Тон празднований отражал тот факт, что политическая консолидация была скорее видимой, чем настоящей. И правые, и левые теперь были согласны, что реставрация монархии больше не является направлением практической политики. Даже Лебелю пришлось признать, что, «как все понимают, Гинденбург принял президентство не для того, чтобы вымостить дорогу к реставрации монархии, а чтобы сохранить государство, ускорить восстановление страны и помочь ей занять достойное место в международных организациях». Консервативные газеты также считали, что первоочередные задачи Гинденбурга далеки от попыток восстановить безвозвратно ушедшее прошлое. «Давайте надеяться, – написала аграрная газета «Дойче тагесцайтунг», – что Гинденбургу удастся восстановить силу и величие Германии, объединив старые идеалы с новыми идеями».

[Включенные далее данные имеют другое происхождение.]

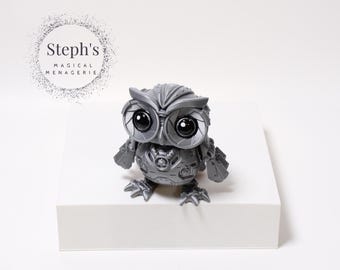 Può includere: Una statuetta di gufo grigio stilizzata con grandi occhi espressivi e un'estetica meccanica. Il gufo è posizionato su un blocco bianco, con il testo "Steph's MAGICAL MENAGERIE" in un design circolare sopra.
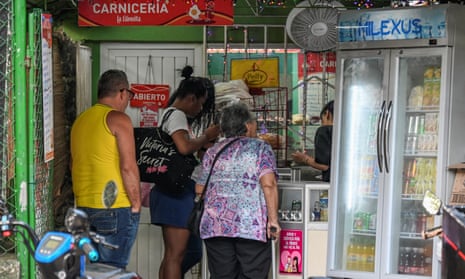 People queue up at business in Havana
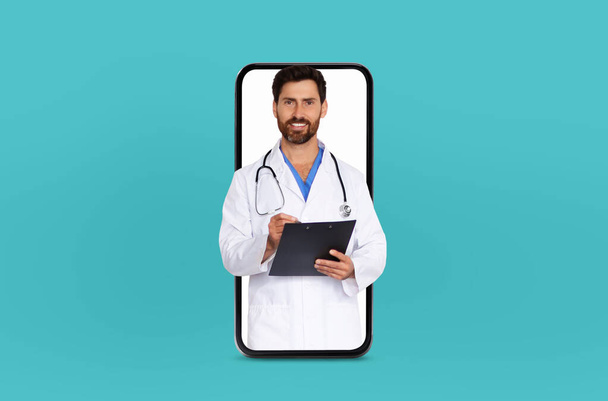 Un médecin mature se tient à l'intérieur d'un écran vide de smartphones, symbolisant une consultation de télémédecine, dans un environnement clinique moderne - Photo, image
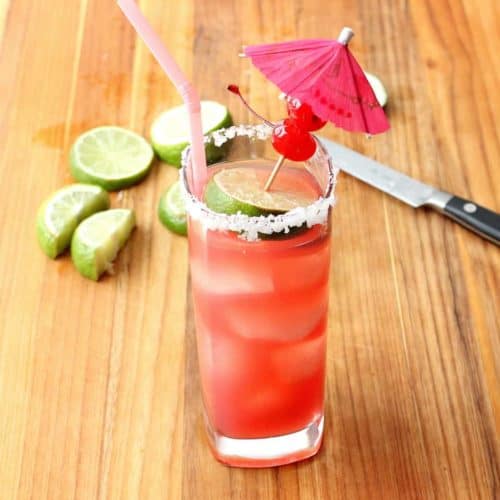 A tall glass holding a Mexican Sea Breeze Cocktail with a pink straw on a wood cutting board with lime slices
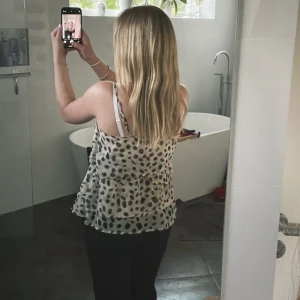 Beige prickig linnetopp med volanger - Säljer en beige linnetopp med svarta prickar och volangdetaljer. Toppen har tunna axelband och är i ett lätt, luftigt material som passar perfekt till varma dagar. Supersnygg att styla med jeans eller kjol! Den har en fin dragkedja på ena sidan och banden går att reglera💞(pris ej hugget i sten)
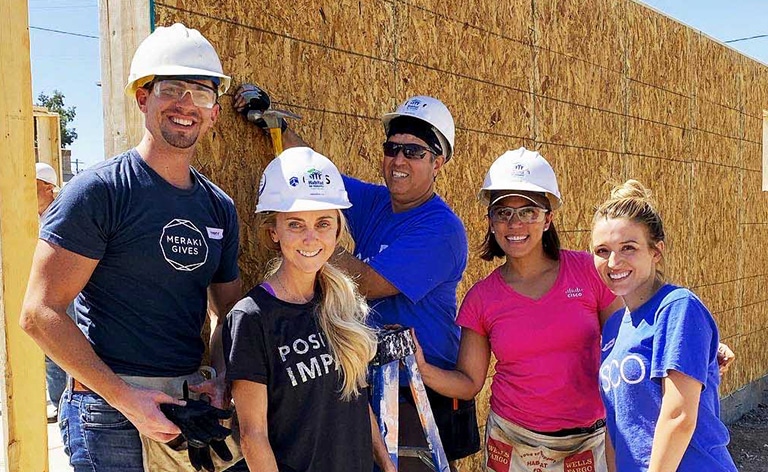 Five employees smiling wearing hard hats as they build a house for a team volunteer event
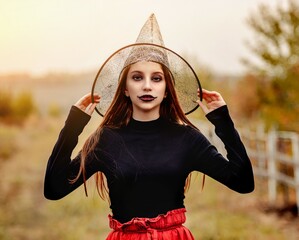 halloween portrait of teenage girl in witch hat smiling at camera on nature background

Левые в свою очередь поздравили себя с тем, что республика стала намного крепче и здоровее, чем была во время избрания маршала. «(Избрание Гинденбурга вторым президентом республики… внесло важный вклад в консолидацию республиканской формы правления, что представляется очевидным сегодня, – написала «Берлинер тагеблатт». – Президентство Гинденбурга вернуло реалистическую перспективу политическому мышлению в Германии». В том же ключе «Франкфуртер цайтунг» отметила, «что результатами президентства маршала является консолидация и придание силы республике». Монархистские склонности Гинденбурга больше не являлись основанием для беспокойства: он доказал, что может хранить верность присяге, которую принес, став президентом. «<Никто не может требовать от старого прусского офицера, чтобы он на закате лет отказался от монархистских убеждений, которые глубоко укоренились в его сердце». Конечно, не все либералы были готовы сделать скидку на политические симпатии маршала с такой полнотой. Теодор Вольф, главный редактор «Берлинер тагеблатт», с гораздо меньшей уверенностью говорил о том, насколько республика может доверять Гинденбургу – ее стражу. В передовой статье он ограничился несколькими общими словами, после чего сразу перешел к другим вопросам. Но такой скептицизм все же был исключением. Так много убежденных республиканцев превозносили избрание Гинденбурга как триумф процесса демократического выбора, что одна из центристских газет в тревоге задала вопрос, не признают ли республиканцы такими хвалебными панегириками политическую мудрость антиреспубликанского правого крыла. Она также выразила недоумение, понимают ли республиканские партии, что общенациональные чествования Гинденбурга являются благом больше для правых партий, чем для республиканских. Такой же была позиция и социалистической прессы. Газета «Форвертс» увидела в празднествах не манифестацию национального единства, а тревожный факт наступления на парламентскую демократию. «Республике Гинденбурга, – предупреждала газета, – еще предстоит быть преобразованной в истинно демократическое государство. Именно это, а не вопрос «монархия против республики» сегодня является решающим фактором. Но даже те, кто понимает проблему, не могут предложить ее решения».